• **What this task involves**: Go through the material under this sentence. Return every line holding "para".

• **Input data**:

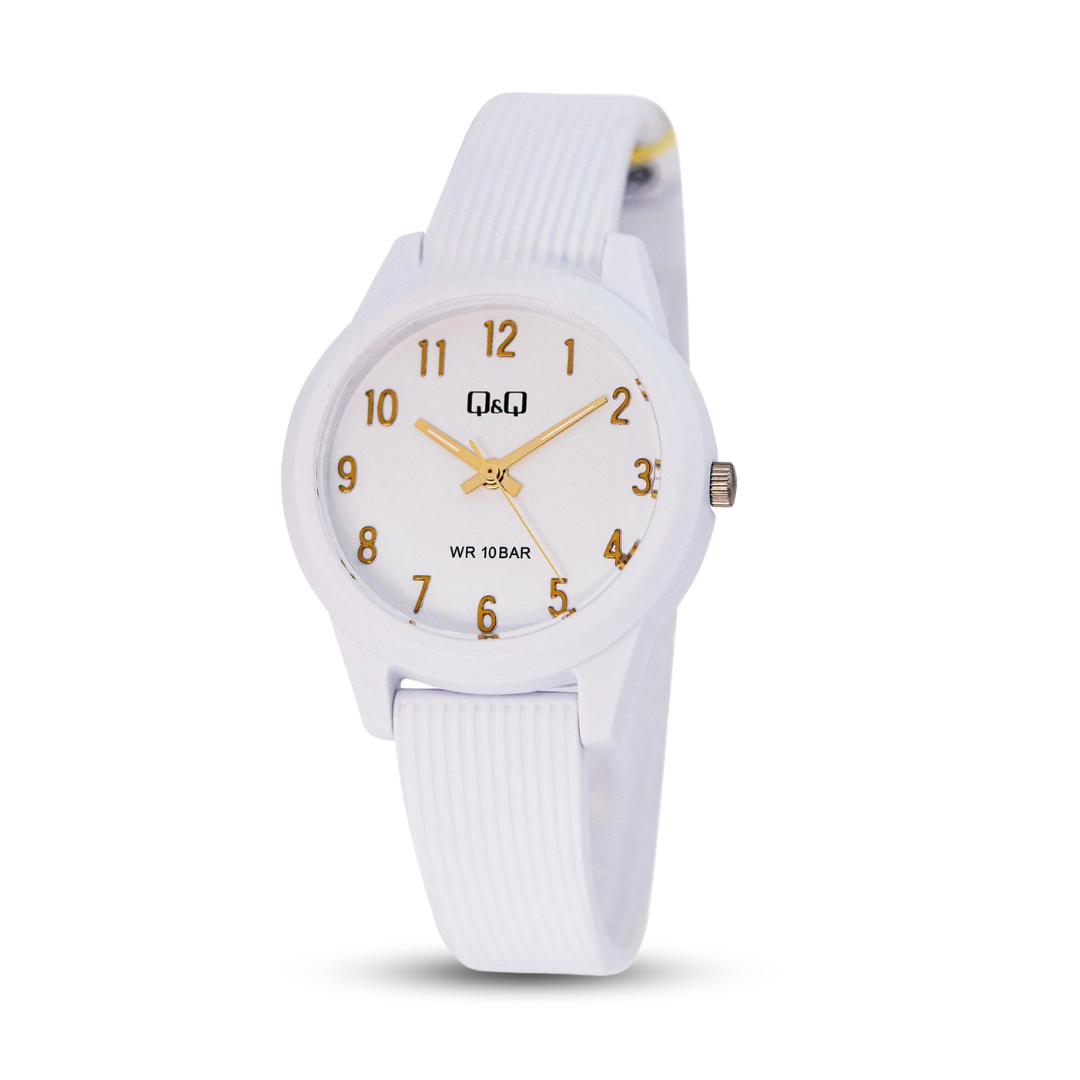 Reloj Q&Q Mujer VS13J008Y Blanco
* * *
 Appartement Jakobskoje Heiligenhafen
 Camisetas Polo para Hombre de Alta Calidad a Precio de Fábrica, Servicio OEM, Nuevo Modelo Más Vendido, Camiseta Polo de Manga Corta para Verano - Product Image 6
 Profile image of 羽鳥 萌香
--
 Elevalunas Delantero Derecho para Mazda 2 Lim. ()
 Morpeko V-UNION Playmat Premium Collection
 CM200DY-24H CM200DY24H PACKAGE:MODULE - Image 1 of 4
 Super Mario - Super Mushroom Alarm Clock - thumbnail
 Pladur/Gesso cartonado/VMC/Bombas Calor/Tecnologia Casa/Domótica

• **Solution below**:
 Camisetas Polo para Hombre de Alta Calidad a Precio de Fábrica, Servicio OEM, Nuevo Modelo Más Vendido, Camiseta Polo de Manga Corta para Verano - Product Image 6
 Elevalunas Delantero Derecho para Mazda 2 Lim. ()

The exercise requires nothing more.